Dans ses grandes lignes, la pensée de Berdiaev est conforme à la tradition du messianisme russe, mais un messianisme purifié et éclairé par la critique radicale des forces qui s'y opposent, y compris à travers la critique de l'institution ecclésiastique et de l'État, qu'il dénonce comme sources majeures d'aliénation spirituelle. Il privilégie une approche mystique du christianisme s'appuyant sur les Pères grecs (Grégoire de Nysse entre autres) et les mystiques occidentaux. Malgré les critiques nombreuses qu'il adresse à l'Église orthodoxe et au christianisme en général, il reste attaché à l'Église orthodoxe de tradition russe, jusqu'à la fin de sa vie.
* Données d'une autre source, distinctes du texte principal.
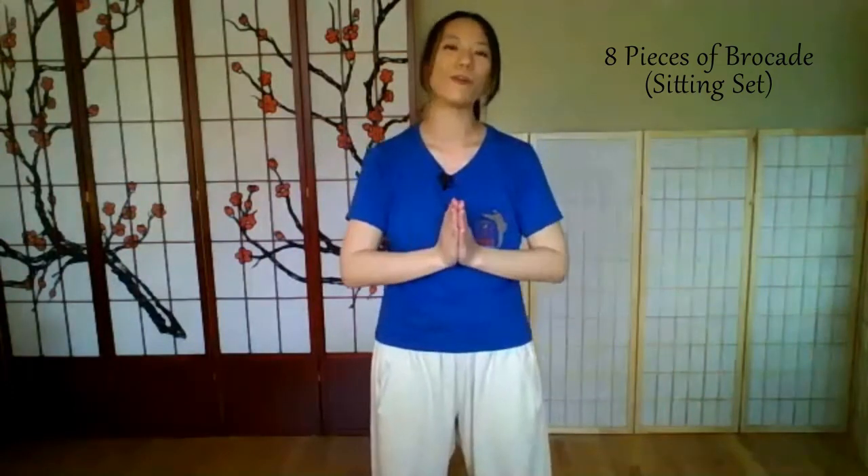Hi everybody, welcome to TCM Time. That's traditional Chinese medicine with me, Kathy Young. Quickly going over the sitting set of the eight pieces, so that you can have an idea to practice at home.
Son existentialisme est en fait un « personnalisme communautaire », il est sévère pour toutes les formes d'organisation étatique, il veut un État humble et modeste, et valorise les liens communautaires de proximité. Avant l'heure il dénonce le monde de la machine et l'accélération du temps dans le monde moderne. Son œuvre est profondément marquée par la lecture de la Légende du Grand Inquisiteur que Dostoïevski met au centre des Frères Karamazov. Il est l'un des auteurs majeurs ayant très tôt analysé la crise de la modernité et annoncé la naissance d'une «nouvelle époque». Le retour à l'intériorité et au développement des liens communautaires sont pour lui la source qui caractérisera « cette nouvelle époque qui vient mais qui n'a pas encore de nom », écrit-il dès 1924.
Emmanuel Mounier avec lequel il travaille pour les premiers numéros de la revue Esprit lui a emprunté le concept de « personnalisme communautaire » et son opposition à « l'esprit bourgeois »[8].
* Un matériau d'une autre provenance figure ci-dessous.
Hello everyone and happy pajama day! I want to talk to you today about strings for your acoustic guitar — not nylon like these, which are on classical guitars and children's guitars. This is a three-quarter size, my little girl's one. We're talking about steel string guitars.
La pensée de Berdiaev attire les personnes en quête de réflexion sur la crise de civilisation que nous connaissons, elle attire aussi les personnes en quête intérieure ; mystique, elle déroute ceux qui s'enferment dans une quête spirituelle strictement personnelle comme ceux qui veulent faire l'économie du travail de l'homme intérieur et ne penser qu'à une réforme de la société. Tout mouvement de mutation sociale, de transfiguration de la société n'a pour Berdiaev qu'un fondement personnaliste, une mutation profonde de l'individu et un mouvement d'accouchement de soi comme personne, comme personne divino-humaine appartenant à la communauté humaine, au cosmos et retrouvant le divin.
En , un colloque, placé sous l'égide de la mairie de Clamart, lui a rendu hommage. Les actes du colloque donnent un tableau assez complet de l'œuvre de Berdiaev et soulignent le regain d'intérêt actuel que sa pensée suscite tant en France et en Europe, qu'en Ukraine et en Russie[9].
Une citation de Berdiaev en français, concernant les utopies, figure en épigraphe de l'édition originale anglaise de Brave New World (Le Meilleur des mondes) d'Aldous Huxley[17].